先生と私は文字通り敵…違う、先生のご両親と対峙していた。

「父の正臣です。よろしくねお嬢さん」

「初めまして、坂田瑞樹と申します」

隣のお母様と違い、落ち着いた優しい感じの方だ。先生に容姿は似てるけど、性格的には対極と言っても間違いでは無い気がする。お母様は…対極と言うより異種的な違いかな?

不思議な組み合わせの様でお似合いだ。

「さっそくだが俺たちは調べる事があってここへ来た」

先生が単刀直入に話を切り出す。

「アストラルの鍵だね…」

お父様の視線が先生の様に急に鋭くなる。

「何故あんたは俺がそれを言う前に、アストラルの鍵だと思うんだ?」

先生の視線もますます鋭くなる。

私が話をつけると動いたはずが、結局私は見守る事しか出来そうもない。

「簡単だ。お前には殆どの情報を教えてある。ただ一つを除いてな…だからその一つしか調べる事は無いと判断した」

「そう言う事か…だったら情報を教えてくれるのか?」

それなら調べる手間も省けて簡単だ。側で話を聞きながら私は内心安堵した。

少しお父様は考えていたけれど、視線を私達に戻すとOKを出してきた。

「話してもいいでしょう。ただし…条件がある」

「条件…なんだそれは?」

先生がお父様に確認する。先生の質問に答える様にお父様の視線が私に向けられた途端、私の目の前が突然真っ暗になった。

「え⁉︎」

叫んだ私の声が遠くまで響き渡った…さっきまで先生の隣に居たはずなのに、周りに先生たちの気配は無い。キョロキョロと周りを見渡してみるが、真っ暗ではなにも確認することができない…でも、私は確実に違う場所にいる。私の中に何故か確信があった。

真っ暗な空間の中で多分一人きりだ。

私は一気に不安に駆られた。でもさっきのお父様の最後の言葉からすると、これが話すための条件なんだろうか?

それとも条件の為の、人質みたいなものなのだろうか?

先生が条件クリアするまでここから出られない場合と私が条件クリアしないとならない場合どちらだろう?

でも…動かない訳にはいかない。

私は一度真っ暗な空間で目を閉じて、心を落ち着けると深呼吸を一つして再び目を開けた。

「ひっ!」

思わず息を呑んだ。目の前には…いや、私の周りには幾重にもなった人々が私を取り囲んでいた。人々と言っても無気力な瞳…生きている人には皆見えない。恐らく霊魂が人の形をとっている姿、つまり幽霊だろう。

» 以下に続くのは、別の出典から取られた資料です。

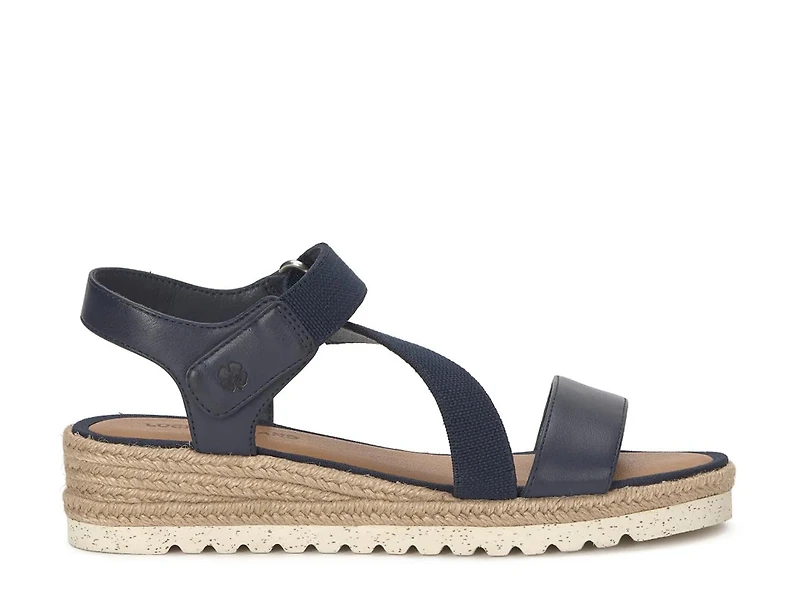 Tressy Espadrille Wedge Sandal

霊の姿は良く小さな頃からよく視てきた。墓地や事故現場などいろいろな場所にポツンと佇んでいるものが殆どだが、こんなに無気力な霊は、その中でも特殊な部類に入る。

そう、この人達は自殺者の霊だ。

自殺者の場合アストラル面…つまりあの世には行くことができない。成仏と言うものができないのだ。輪廻転生の輪から外れ、この世に留まる。そして永遠に近い時間を彷徨い、最期は朽ち果て消滅する。

その霊が今私の周りに集まっているのだ。

これはなんの試練なのだろうか?

私はこの異様な景色の全体を見渡してみる。試練ならば何かしらのヒントがあるはずだ。

霊の一人一人の表情に違いがないか確認していく。

違う…こっちも違う…みんな同じように無気力な表情だ。しかし格好は?洋服を着ている者、着物を着ている者…様々だ。軍服もある。時代的には戦時中くらいの服装だ。

ここにいる者たちはその頃の霊なんだろうか?

一人一人の服装を見ていると、その中に子供がいる事に気付いた。うん…たぶん子供?

そう、たくさんいる幽霊の中に埋もれるように黒髪の頭だけがちょこんと見える。

私はその頭に惹かれる様に、幽霊たちをかき分け頭しか見えない子供らしき幽霊を抱き上げてみた。

と、言うよりも…他の幽霊とは違い、人間の体温程ではないが、ほんのりと温かい。そして表情が違っていた。頬をぷっくりと膨らませ、明らかにふて腐れた表情…そしてゴスロリにショートボブだ。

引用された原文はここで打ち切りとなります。